L’Institut national de recherches archéologiques préventives fouille à Soultz, dans le Haut-Rhin, les abords de l’église Saint-Maurice, où des sépultures et les vestiges d’un îlot urbain disparu ont été mis au jour à la faveur du réaménagement de la place, a indiqué l’institut le 8 juillet.

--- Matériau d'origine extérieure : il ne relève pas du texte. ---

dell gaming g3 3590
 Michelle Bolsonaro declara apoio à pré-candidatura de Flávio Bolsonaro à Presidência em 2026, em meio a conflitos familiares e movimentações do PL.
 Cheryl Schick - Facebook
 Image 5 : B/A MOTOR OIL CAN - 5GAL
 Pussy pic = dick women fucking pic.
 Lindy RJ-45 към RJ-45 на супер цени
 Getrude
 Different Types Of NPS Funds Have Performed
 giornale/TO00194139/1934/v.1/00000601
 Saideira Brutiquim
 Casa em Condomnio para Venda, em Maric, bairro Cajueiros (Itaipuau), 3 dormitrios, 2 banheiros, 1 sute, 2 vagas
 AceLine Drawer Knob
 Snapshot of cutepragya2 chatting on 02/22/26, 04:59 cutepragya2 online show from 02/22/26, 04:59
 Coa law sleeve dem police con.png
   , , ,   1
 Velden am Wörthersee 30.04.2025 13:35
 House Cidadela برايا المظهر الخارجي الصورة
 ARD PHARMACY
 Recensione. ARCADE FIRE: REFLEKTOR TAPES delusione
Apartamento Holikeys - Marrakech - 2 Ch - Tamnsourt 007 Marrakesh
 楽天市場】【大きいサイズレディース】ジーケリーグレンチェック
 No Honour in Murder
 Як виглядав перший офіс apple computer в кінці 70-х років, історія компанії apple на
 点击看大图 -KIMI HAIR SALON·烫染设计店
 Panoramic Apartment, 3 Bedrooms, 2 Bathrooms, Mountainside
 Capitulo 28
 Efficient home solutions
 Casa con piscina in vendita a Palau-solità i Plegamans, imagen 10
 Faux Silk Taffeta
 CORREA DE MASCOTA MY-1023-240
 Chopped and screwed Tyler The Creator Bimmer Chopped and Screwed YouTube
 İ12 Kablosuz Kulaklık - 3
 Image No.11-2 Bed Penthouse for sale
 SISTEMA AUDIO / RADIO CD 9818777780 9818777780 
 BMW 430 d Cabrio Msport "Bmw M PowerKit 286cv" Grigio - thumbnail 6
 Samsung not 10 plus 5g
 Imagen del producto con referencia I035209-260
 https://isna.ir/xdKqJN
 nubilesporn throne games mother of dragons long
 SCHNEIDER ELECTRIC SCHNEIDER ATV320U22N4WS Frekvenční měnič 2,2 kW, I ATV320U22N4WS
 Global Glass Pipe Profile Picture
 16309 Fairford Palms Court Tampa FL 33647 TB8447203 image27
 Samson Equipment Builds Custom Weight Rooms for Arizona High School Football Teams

L’opération éclaire le passé médiéval de cette petite ville située à une vingtaine de kilomètres de Mulhouse, longtemps liée à l’abbaye d’Ebersmunster puis à l’évêché de Strasbourg. Sous la place actuelle se superposent plusieurs siècles d’occupation, du cimetière paroissial aux constructions civiles effacées par les remaniements successifs.
Une fouille au rythme des plantations
Selon l’Inrap, l’intervention porte sur dix-huit fosses de plantation d’arbres réparties dans l’espace public, préalable au réaménagement du secteur. Ces sondages ponctuels, imposés par le projet paysager, offrent autant de fenêtres sur les couches archéologiques enfouies.
Dans ces ouvertures, les archéologues ont documenté des sépultures ainsi que les traces d’un quartier aujourd’hui disparu. La méthode, dictée par l’emprise réduite des fosses, contraint les chercheurs à reconstituer l’organisation ancienne du lieu à partir d’observations dispersées.
L’ombre de l’église Saint-Maurice
L’église Saint-Maurice, édifice gothique des XIIIe et XIVe siècles, se dresse au centre des anciens remparts de Soultz. Elle a été bâtie, rappelle l’Inrap, sur les fondations d’un sanctuaire roman plus ancien, signe d’une continuité religieuse sur ce point de la ville.
Autour de cette église s’est développé, dès les XIIIe et XIVe siècles, un cimetière paroissial. Les sépultures dégagées lors de la fouille en constituent le prolongement, témoignant des pratiques funéraires qui plaçaient les morts au plus près du lieu de culte, au cœur de l’espace habité.
Un quartier effacé par la ville
Aux tombes s’ajoutent les vestiges d’un îlot urbain disparu, dont la fouille précise les contours. Ces restes bâtis rappellent que la place actuelle a succédé à un tissu dense de constructions, remodelé au fil des siècles jusqu’à effacer la trame ancienne.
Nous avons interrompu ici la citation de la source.